Giresun Üniversitesi Tıp Fakültesi ve Fen Edebiyat Fakültesi öğretim üyelerinin ortaklaşa gerçekleştirdiği ve üç yıl süren bir çalışma, prostatta mikroplastik varlığını ortaya koydu. Çalışma, şehirde ve kırsalda yaşayan 12 hasta üzerinde yürütüldü ve dünya literatüründe prostat dokusunda mikroplastiklerin birikimini bildiren ilk çalışma olma özelliğini taşıyor.
Araştırma Ekibi ve Bulgular
2021 yılında başlatılan ve bu yıl tamamlanan çalışma, Prof. Dr. Yalçın Tepe, Prof. Dr. Ural Oğuz, Doç. Dr. Erhan Demirelli, Doç. Dr. Ercan Öğreden, Doç. Dr. Mehmet Giray Sönmez, Dr. Öğretim Üyesi Doğan Sabri Tok, Dr. Handan Aydın ve Dr. Murat Kodat’tan oluşan bir ekip tarafından gerçekleştirildi.
Giresun Üniversitesi Tıp Fakültesi Üroloji Ana Bilim Dalı Başkanı Prof. Dr. Ural Oğuz, mikroplastiklerin ağız, solunum ve cilt teması yoluyla insan vücuduna girebildiğini belirtti. Oğuz, "Bilim insanlarının bu konuda çok ilgili olduğunu görmekteyiz. Plasentada, anne sütünde, kanda mikroplastik saptandığı gösterildi. Bu çalışma ile literatürde ilk defa, mikroplastiklerin insan prostatında biriktiğini, kümelendiğini göstermiş olduk," dedi.
Araştırmanın Yöntemi ve Sonuçları
Doç. Dr. Erhan Demirelli, 57-88 yaş aralığında 12 hasta üzerinde yapılan araştırmanın, iyi huylu prostat büyümesi (BPH) nedeniyle kapalı yöntemle prostat ameliyatı yapılan hastalar üzerinde gerçekleştirildiğini söyledi. Demirelli, şehirde yaşayan hastaların prostat dokularında kırsalda yaşayanlara göre daha fazla mikroplastik bulunduğunu belirtti.
Giresun Üniversitesi Fen Edebiyat Fakültesi Biyoloji Bölümü Öğretim Üyesi Prof.
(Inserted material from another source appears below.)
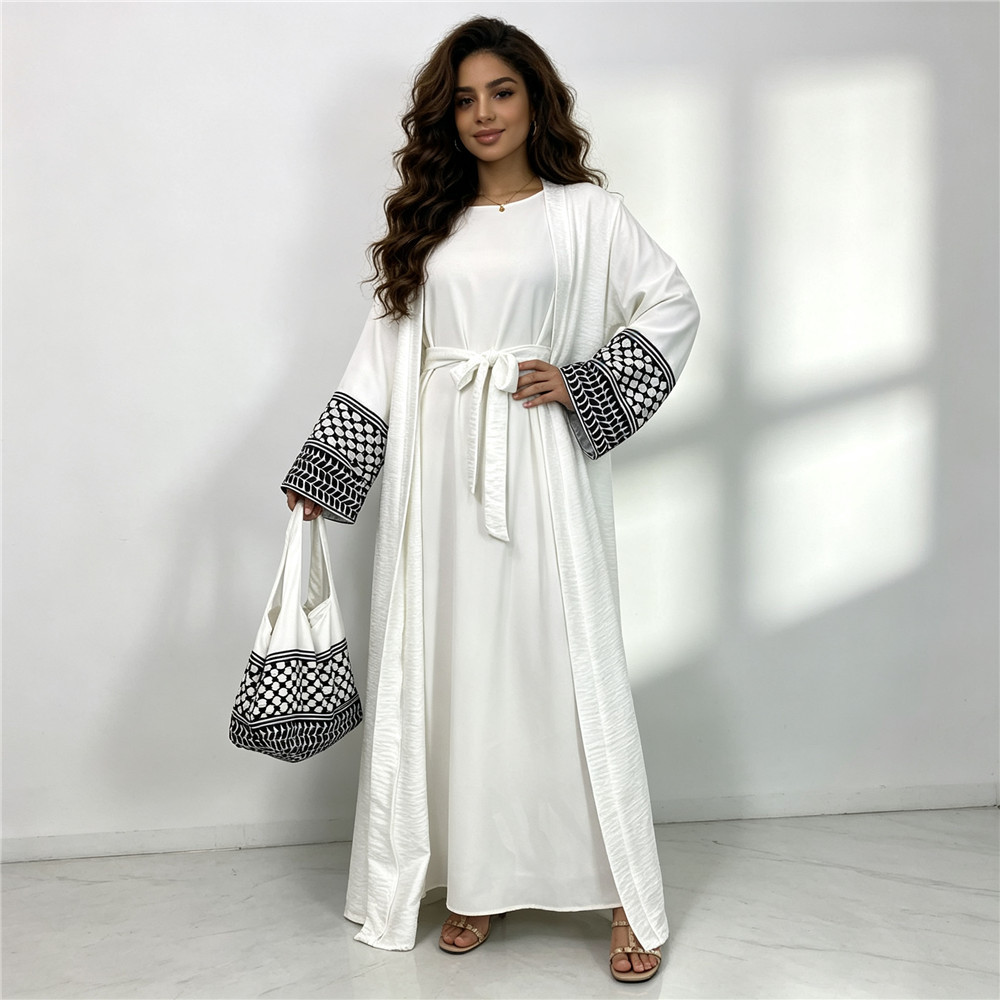 Ensemble 2 pièces Abaya ouvert - Women Bags Dubai avis et prix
Dr. Yalçın Tepe, prostat numunelerini laboratuvarlarında incelediklerini ve mikroplastik parçacıklarının büyük çoğunluğunun poliamid grubunda olduğunu tespit ettiklerini söyledi. Tepe, "Süzme işlemlerinden elde ettiğimiz örnekleri mikroskop ve kimyasal analizlere tabi tuttuk. Bu kimyasal analizler sonucunda da daha çok poliamid grubu mikroplastiğe rastlandı. Bu hastaların da çoğu şehirde yaşayan hastalardı," dedi.
Gelecek Araştırmalar için İlham Kaynağı
Araştırma ekibi, bulgularının gelecekteki çalışmalara ilham kaynağı olacağına inandıklarını vurguladı. Prof. Dr. Ural Oğuz, "Mikroplastiklerin kanda gösterilmesinden sonra bu çalışma fikri ortaya çıktı. Prostatta plastiği saptadık ancak bunun prostat kanseri ile ya da alt üriner sistem semptomları ile bir ilişkisi var mı henüz bilinmiyor. İnanıyoruz ki bu çalışma gelecekte çok daha yeni çalışmalar için bir esin kaynağı olacaktır," diye konuştu.
Bu önemli çalışma, uluslararası bir dergide yayınlanarak bilim dünyasında büyük yankı uyandırdı ve prostat dokusundaki mikroplastiklerin potansiyel sağlık etkileri üzerine yeni araştırmaların yolunu açtı.